始業式の話:10000という数字が示す意味

 新しい学期を始めることができました。そのことを神様に感謝しながら、またイタリアの地震、東北・北海道を襲った台風で被害を受けた方々ために「主の祈り」を唱えましょう。

 さて4257という数字を聞くときなにを思い浮かべますか?4257はイチロー選手が日米で打った安打数がピートローズの安打数を抜いた数字です。イチロー選手のこの偉業をみなさん知っていますね。では安打ではなく、一番凡打の多い選手、一番打ち損ねた選手は誰でしょう?イチロー選手です。知ってました?

 ある記事にこのようなことが書いてありました。イチロー選手が4257本のヒットを打つのに要した打席数は14339。引き算をすると凡打数10082。イチロー選手には10000回以上ヒットにならなかった打席があることになりますね。イチロー選手は凡打の数でもトップなのです。

 ところでこの10000という数字をどう考えますか?10000回バッターボックスに立ったなんて気の遠くなるような数字です。仮に1年間野手としてレギュラーで出場すると年間で約400打席とだそうです。すると10000打席に到達するために25年はかかります。18歳でプロ入りして40歳、まだ現役でレギュラーとしてプレーしないと到達できない数字です。

 プロの世界ですから実力とコンディションが揃っていないと試合に出場できません。バッターボックスに立てない。どんなに試合に出たくてもスタメンは監督が決めます。ケガによる長期離脱もできない。コンスタントに試合に出るためには、体調を管理し、怪我をしないようにし、技術を磨くため練習しないといけない。つまり成功するために努力し、無駄を厭わず毎日の研鑽を積んだ証が10000という数字なのです。
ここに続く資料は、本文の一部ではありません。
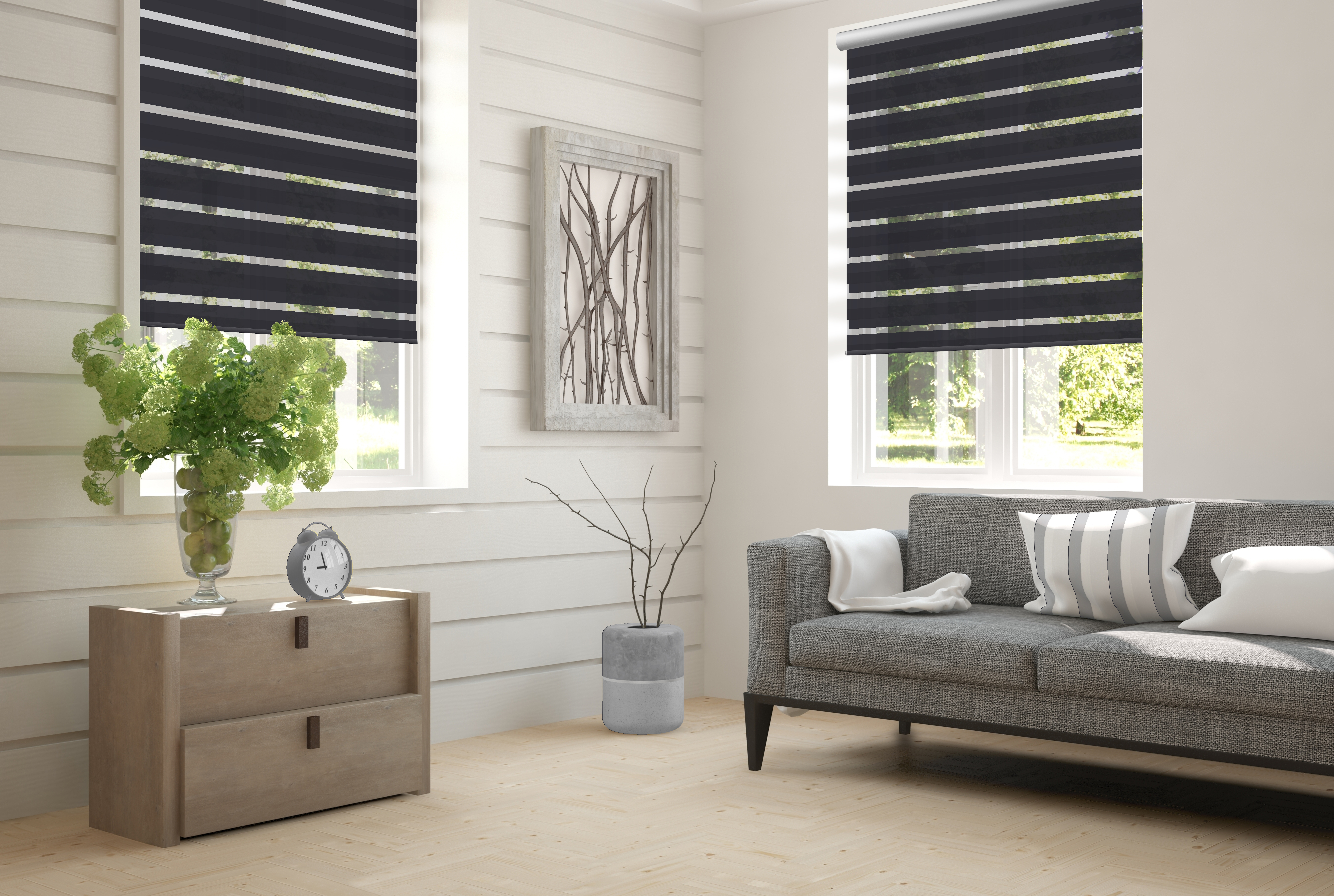 Doppelrollo Fino 5135 Wohnzimmer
 華やかな「成功の数字」ばかりに目が行きがちですが、もし自分が何かを成し遂げたいなら、実は「誰も目にとめない数字」に目を向ける必要があると思いませんか。「見えていないもの」を見るときに本物が見えてくるのではないでしょうか。

 皆さんはすぐに結果につながらないかもしれないことに対してどれだけ努力していますか?たとえだれも評価してくれなくても地道な努力を続けていけているでしょうか?この「見えないもの」の大切さを意識しましょう。

 さあ2学期が始まります。新しい気持ちで、勉強、部活、サレ祭に向かっていきましょう。先生たちは皆さんのそばでいつも応援してます。また困ったときには相談にのります。一緒に頑張っていきましょう。